The blog isn’t dead! I just abandoned it for a bit. The funny thing is, this year has been full of blog-worthy happenings, but because I’ve been really busy I’ve not really had time to blog about them. That's not all that funny really.
A couple of years ago, before my son was born, I used the blog as a kind of warm-up exercise. So I’d write on here for an hour before working on a script or whatever. These days I don’t really have the luxury of time to warm-up as most of my writing is done in half-hour bursts on the train or on my lunch break. It’s kind of better that way, I think I actually get more done, but I’m between scripts right now so I thought this would be a good opportunity to update whoever still cares on what I did in 2014, and what I would've blogged about if I had any time to do it.
To put this all into context I really need to take you back to 2013. In the summer of that year I’d just finished the third Jenny Ringo short film (it’s the really short one so you can watch it right now if you have 2 minutes spare) –
Jenny Ringo and the Infinite Spellbook from Chris Regan on Vimeo.
When that was done I started working on the first draft of Jenny Ringo and the House of Fear, a feature based on the same character I’d established in the short films. I had a vague idea I might try and film it myself one day, or that I’d send it to the few industry people I knew to try to get it developed but really I was mostly writing it for myself. It was in writing that script that I trained myself to be able to write on trains and in crowded coffee shops, and without that I’m not sure I would have had nearly as busy a year in 2014 as I did.

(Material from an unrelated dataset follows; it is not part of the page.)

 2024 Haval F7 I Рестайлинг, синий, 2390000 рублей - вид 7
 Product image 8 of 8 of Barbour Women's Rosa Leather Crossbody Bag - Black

At the end of 2013 I did some script editing on a project for Craig Fairbrass. He’d written a gangster film and it needed some work on the structure. The details of that film are here if you’re interested.
The rewrite went quite well and I got to meet the man who tried to kick Michael Rooker off a mountain in Cliffhanger so that was cool. The producer of Craig’s film, Nick Hamson, then asked me to look at a project he was working on.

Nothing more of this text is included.